Fatima Ayub, wearing a white chiffon hijab that matches her iPod’s white earphones, is walking briskly on R Street in Northwest Washington on her way to work. You’d hardly ever see her, she says, without her 15-gigabyte iPod, which has more than 1,300 songs on it.
“Your taste in music is something very personal, very emotional. So when you have an iPod and you’ve got all your music on it, you’re trying to say something about yourself,” says Ayub, 22, an associate for the Asia division of Human Rights Watch and a graduate student at Johns Hopkins University.
She’s listening to “A Perfect Sonnet” by the indie rock group Bright Eyes as she sits on a curb near 18th and R streets. Her boyfriend, Imran, learned to play that song on his guitar for her, she says, cracking a shy smile. “You’re making a little collection of emotions and memories for yourself and you stick them all in this little machine and you carry it around with you wherever.”
In the upcoming book “iPod, Therefore I Am,” part memoir, part valentine, the English journalist Dylan Jones writes: “The big thing about the iPod, I thought, was the way in which it forces you to listen to your life in a different way.”
“When I started just monotonously, relentlessly downloading and uploading my record collection onto this machine, it was only after awhile that I began to realize why it was taking me so long. It wasn’t supposed to take you that long. But I started going off on these weird tangents, going backward, to my youth, when I was 15 or 20 or 30,” Jones, a 45-year-old father of two girls, says in a phone interview from his London home.

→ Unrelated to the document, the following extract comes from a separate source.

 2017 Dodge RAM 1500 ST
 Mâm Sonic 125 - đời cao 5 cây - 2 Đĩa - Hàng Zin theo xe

His iPod has more than 6,000 songs. “That’s when I began thinking there was something bigger to this whole iPod thing. Every time I download a song to it, and every time I listened to that song, it forced me to go back somewhere where I haven’t been to for a while.”
In the middle of her typical 7:30 p.m. gym workout, with her iPod clipped to her shorts, Kate Danser is listening to “Times Like These” by Jack Johnson, a surfer-cum-songwriter with a distinctive folksy, reggae-rock sound. Not exactly the upbeat, fast-paced, high adrenaline rush that is “Booty-licious,” by the R&B; group Destiny’s Child. That song, in very high volume, can be heard from the iPod of a woman who’s doing sit-ups a few feet away. But “Times Like These,” the 24-year-old Danser says, reminds her of her friend Casey, her student-teacher partner whom she met at the College of New Jersey. Casey introduced her to Jack Johnson a few years back.
“It kind of soothes me, relaxes me, calms me down,” says Danser, putting her iPod back on, sitting on the leg extension station, about to do her third rep, with the Jack Johnson song and the memory of her friend Casey in the background.